Elop: From my very earliest moments of engagement with technology, I can recall a series of discrete moments of disruption that allowed me to recognize a fresh new opportunity or previously unexplored perspective on technology. The first time I was exposed to a full-screen text editor, or the first “aha” moment as I engaged with the Web, or the first time that I saw a customer apply a technology in some completely unanticipated manner to solve a business problem — these were all points in time when a new opportunity was made apparent to me. What I find impressive about the technology industry is that even after more than 20 years in this field, those fresh new moments of disruption happen at a rate that is only constrained by our ability to absorb them.
Passman: I’m continually amazed by the increasing impact that technology has in society, from how we think about our day-to-day lives to new approaches to addressing some of our most pressing social issues. Technology is enabling incredible innovation in areas from education to healthcare, which in turn is leading to a diversity of technology careers that we’ve never seen before. The growing impact of technology, and the implications that has for individuals, businesses, community organizations and public policymakers, is one of the things that attracted me to this industry. Technology is at the center of our economic and social development — and that’s an opportunity for everyone.
Empowering People Throughout Their Careers
Microsoft provides a host of resources to help anyone interested or involved in IT to develop their skills:
Students. Microsoft’s Career Forward program provides multimedia tools to explore career options. Through Partners in Learning, the company engages in public-private partnerships that stimulate positive change in education. The Microsoft IT Academy provides training and certification that increases employability. And the company’s DreamSpark program provides tools to develop and design software that solves practical challenges.

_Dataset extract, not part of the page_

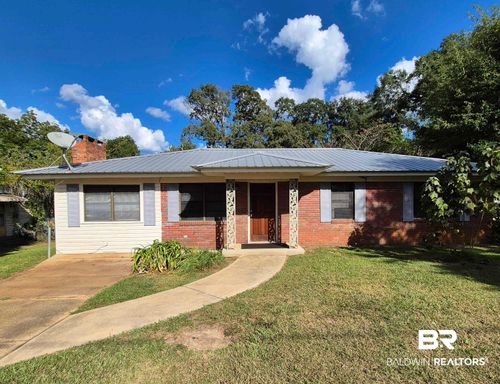 105 Elizabeth St, Evergreen, AL, 36401-2504 | Card Image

Educators. Microsoft contributes to educators’ professional growth by helping them use technology effectively in teaching (Partners in Learning), and through training and certification on Microsoft technologies (Microsoft IT Academy).
Job seekers. For those adversely impacted by the economy, new career programs such as Elevate America provide an opportunity to develop skills relevant to any market, and the Career Campaign will help people gain skills and advance in IT.
IT pros and developers. For those already in the profession, there are many programs that help keep people current and further their careers, including Thrive, Microsoft Learning initiatives and offers, and the BizSpark program.